In Judaism, there is a tradition known as “building a fence around the law.” As the page linked in that last sentence indicates, it derives from a verse in the Tanakh — the Hebrew scriptures known to Christians as “the Old Testament” — specifically from Leviticus 18:30.
Leviticus, as you may know, is a favored book of the Republican Party because it tells them not to tolerate homosexuals and to avoid eating shrimp or lobster at fundraisers. According to them one of those rules is absolutely applicable to the modern world.
But I’m not really going to get into politics here: this post is about the negative aspects of building fences and how this can as easily choke the law and divorce it from the intent behind it as it can protect it.
Although this concept of “building a fence about the law” is well-debated within the Jewish rabbinical tradition, the idea is not actually unique to Jews. In fact, one way to explain the whole concept of fence-building is with this perfect Halloween song (actually an old African-American spiritual, if I recall correctly) called “Them Dry Bones”:
Toe bone connected to the foot bone…
Foot bone connected to the leg bone…
Leg bone connected to the knee bone…
The point of this idea of building a fence — or of your toe bone being connected to other bones — is if you don’t want to damage the one, don’t go near the other.
If the law says, “don’t boil a kid [goat] in its mother’s milk” (Exodus 23:19), then one way to make sure you don’t do this is to create a law that says you can’t get milk anywhere near your meat dishes.
Ultimately, you want to live frum (“devout” or “religious”), you make sure your kitchen has two dishwashers (one for “the meat side of the law” and the other for “the dairy side of the law”). Or you could just wait 24 hours, make sure the dishwasher is clean after you do the meat dishes and run it through two cycles while it’s empty just to be sure before doing the dairy dishes. Or vice-versa. Unless it’s plastic.
But while keeping your toe bone connected to your foot bone might be a good thing, building a fence around the law frequently leads to bizarre results. Think “zero tolerance,” for one.
Here, we begin not with milky kids, but with violent ones.
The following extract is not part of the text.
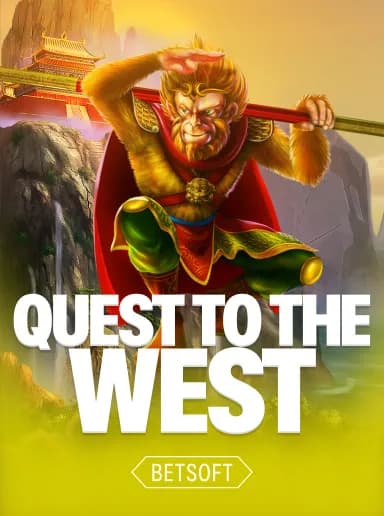 Quest To The West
One day a kid brings a gun to school and shoots another kid, who dies. Kids killing kids at school is bad. So let’s have a rule about bringing guns to school.
But there are other ways kids could kill kids. They could use knives. So let’s have a rule against having knives at school.
But sometimes kids bring knives to school and leave them in their cars because of the rule. So let’s have a rule against having knives in your car when your car is at the school.
But sometimes reasonable people think the knife is just really small, or is just a tool, not a weapon, and then they don’t punish kids for breaking the rules against knives and someone could die. So let’s have a rule against bending the rules about kids who bring knives to use as tools and not as weapons.
Maybe we should change the name of that song to “Them Dumb Bones.”